Is every chest pain a heart attack?

Is every chest pain a heart attack?

Not all chest pain is indicative of a heart attack. Chest pain can be acute or chronic, and its origin may be cardiac (heart-related), pulmonary (lungs), or gastrointestinal (digestive system). Acute chest pain, however, always requires immediate medical attention as it could be a sign of heart failure, acute coronary syndrome (ACS), spontaneous pneumothorax, pulmonary embolism, emotional stress (like Takotsubo cardiomyopathy, often seen in women), connective tissue disorders (such as Marfan syndrome), cardiac valve issues, or even drug-induced complications.


Typical heart-related chest pain often includes shortness of breath during physical activity, which improves with rest or nitroglycerin.
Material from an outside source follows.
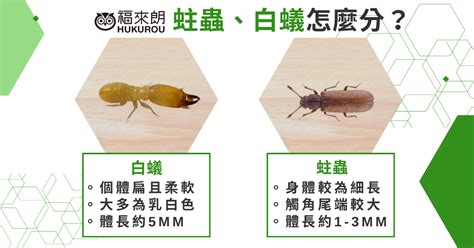 蟲蛀|蛀蟲防治先別亂噴殺蟲劑！木頭蛀蟲處理6大招，讓專家來教你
Atypical chest pain, seen more often in diabetic patients, women, and the elderly, can involve fatigue, nausea, or vomiting with activity. Cardiac pain is often described as a pressure-like or crushing sensation, but it can sometimes feel sharp or be masked by co-existing conditions such as lung, kidney, or liver disease.

Gastrointestinal chest pain, like heartburn, is typically non-acute and triggered by certain foods (chocolate, spicy, acidic or citrus). It often responds to over-the-counter medications but should be evaluated if persistent.

If a patient presents with symptoms such as fluid in the lungs, low blood pressure, confusion, or abnormal heart rhythms, ACS should be considered.

Management may include reviewing medical history, conducting lab tests and imaging, and potentially starting medications to regulate heart rate, cholesterol, blood pressure, and using blood thinners. A referral for further procedures may also be necessary.

It is encouraged to communicate openly with healthcare provider, follow prescribed treatment, eat healthy meals and engage in regular exercise as tolerated.